À ces mesures de circonstance se surajoutent des mesures de principe. Les plus populaires, prises en accord avec les organisations ouvrières et syndicales, sont : l’abolition du travail de nuit dans les boulangeries, la remise en exploitation et la constitution en sociétés coopératives des ateliers abandonnés par leurs patrons (décret du 16 avr.), la suppression des amendes et retenues sur les salaires, la suppression des bureaux de placement ; on envisage aussi une réorganisation complète du mont-de-piété et du crédit au travail, la suppression des bureaux de bienfaisance et des quêtes à domicile, la Commune s’engageant à dissocier la vie du prolétariat de la misère et de l’humiliation permanente. Cependant, la Commune recule devant l’application du décret de « confiscation » du 16 avril à de grandes entreprises (les « monopoleurs »).

Toutes ces mesures auraient pu constituer l’embryon d’un grand texte général, porteur des espérances, du prolétariat parisien. Mais la Commune, déchirée par ses contradictions doctrinales et par les heurts des tempéraments, menacée de l’extérieur par des adversaires implacables, ne dispose ni des moyens, ni du temps, ni des hommes indispensables à la mise en place d’un programme social cohérent.

L’œuvre scolaire de la Commune est due surtout au délégué à la Commission de l’enseignement, Édouard Vaillant, qui crée une Commission d’organisation de l’enseignement, formée de six membres. Cette œuvre, essentiellement laïque, est évidemment liée à l’attitude foncièrement anticléricale de la Commune. Dès le 2 avril, considérant que « le clergé a été complice des crimes de la monarchie contre la liberté », la Commune prononce la séparation de l’Église et de l’État, la suppression du budget des cultes, la transformation en propriété nationale des biens dits « de mainmorte » appartenant aux congrégations religieuses. Cependant, seuls les blanquistes et les jacobins (Raoul Rigault et Ferré notamment), qui n’arrivent pas à se libérer des souvenirs historiques de 1793-94, perdent de vue trop souvent les problèmes de fond pour verser dans un anticléricalisme maladroit et sectaire.

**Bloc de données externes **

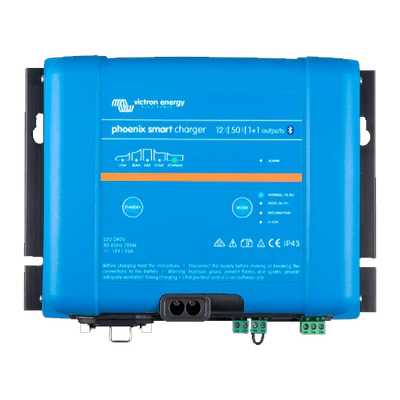 Ladegerät Victron Phoenix Smart IP43 12V 50A (1+1) Bluetooth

L’enseignement religieux étant supprimé dans les écoles, de nombreux congréganistes abandonnent leur poste ; Édouard Vaillant, à court de maîtres, ne peut qu’ébaucher une réforme profonde de l’enseignement, notamment de l’enseignement primaire et professionnel. Il n’en reste pas moins que la Commune a conçu clairement la nécessité d’un véritable enseignement, adapté à la classe ouvrière.

Par ailleurs, la Commune, avec Courbet au Comité des beaux-arts, s’est efforcée d’entretenir le mouvement artistique : peinture, musique, théâtre.

Tous les services publics étaient à reconstituer. Dans les limites de ses moyens, la Commune s’y efforça.

Aux Finances, François Jourde et son adjoint Varlin sont obsédés par un complexe de probité très proudhonien, par un respect de petites gens à l’égard de la banque. À la Monnaie, le probe Camélinat est lui aussi paralysé. Ils pourraient s’emparer des 214 millions en titres trouvés au ministère des Finances, des centaines de millions de numéraire entreposés à la Banque de France : ils ne le font pas, n’osant toucher à « la fortune de la France ». Et, pendant que la Commune obtient d’elle juste de quoi ne pas mourir, la Banque de France accepte 257 millions de francs de traites tirées sur elle par Versailles. Quand Paris tombera sous les coups des versaillais, ceux-ci trouveront un « mur d’argent » plus solide que jamais.

À la Justice, un jeune blanquiste, Eugène Protot, essaie d’appliquer des mesures révolutionnaires au statut des officiers ministériels ; le 23 avril, il fait décréter que les huissiers, notaires, commissaires-priseurs et greffiers des tribunaux seront désormais nommés ; fonctionnaires, ils seront tenus de verser aux Finances les sommes perçues pour les actes de leur compétence.